I had a long talk with Jimmy Dunn last night. I talk with him several times a year and we always revert back to some of his epic climbs of the past.

Most of the locals know of his N.H. climbs but I'm sure Jimmy is most proud of his amazing climbs in the Black Canyon, the Desert, and the 1st ascent-solo of the Cosmos, on El Cap.

He told me details of the 1st ascent of Stoned Oven, in the Black Canyon, which features 5.11* face and off-width cracks with sh---it pro. He repeated the route years later with Dean Potter, and Dean couldn't believe how hard the off-widths were.
 His 1st ascent of the Diagonal, in the Black with Earl Wiggins was perhaps the most gripping tale I have ever heard!!
(Earl did the 1st ascent of Super Crack), before cams were invented.
I wish that I had a tape recorder, since Jimmy is quite a story teller.

I could go on and on about other epics Jimmy has told me, but few know that before Jimmy soloed the Cosmos, Bridwell had gone up a few pitches on it; as well as Robbins, trying to do a solo ascent. Bridwell had threatened to break Jimmy's arms if he soloed the route, but after Jimmy succeeded, and came down to Camp 4, who does he  spot but Bridwell standing there.
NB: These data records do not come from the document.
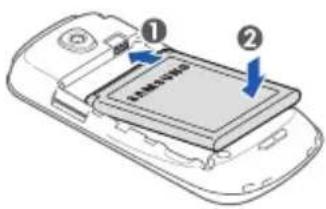 Diagram of a mobile phone showing two labeled components (① and ②) with arrows indicating direction or movement.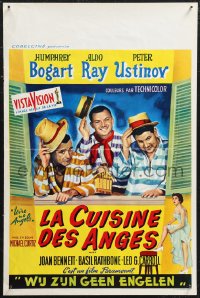 1k0333 WE'RE NO ANGELS Belgian R1960s art of Humphrey Bogart, Aldo Ray & Peter Ustinov tipping hats!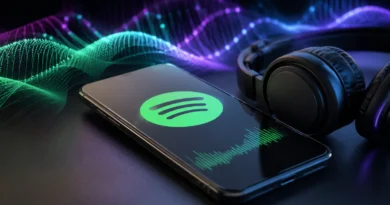 Pametni telefon sa muzičkom aplikacijom, slušalicama i digitalnim zvučnim talasima koji simbolizuju AI remikse na Spotify platformi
Jimmy told me that Bridwell was the LAST person he wanted to meet, on his return, but to Jimmy's surprise, Bridwell came up to him, shook his hand and said, let me cook you a meal.

Robbins wrote Jimmy a letter soon after stating that Jimmy's solo was the most impressive climb ever done in the U.S., up to that point.

Jimmy was one hell of a climber, and a great story teller!!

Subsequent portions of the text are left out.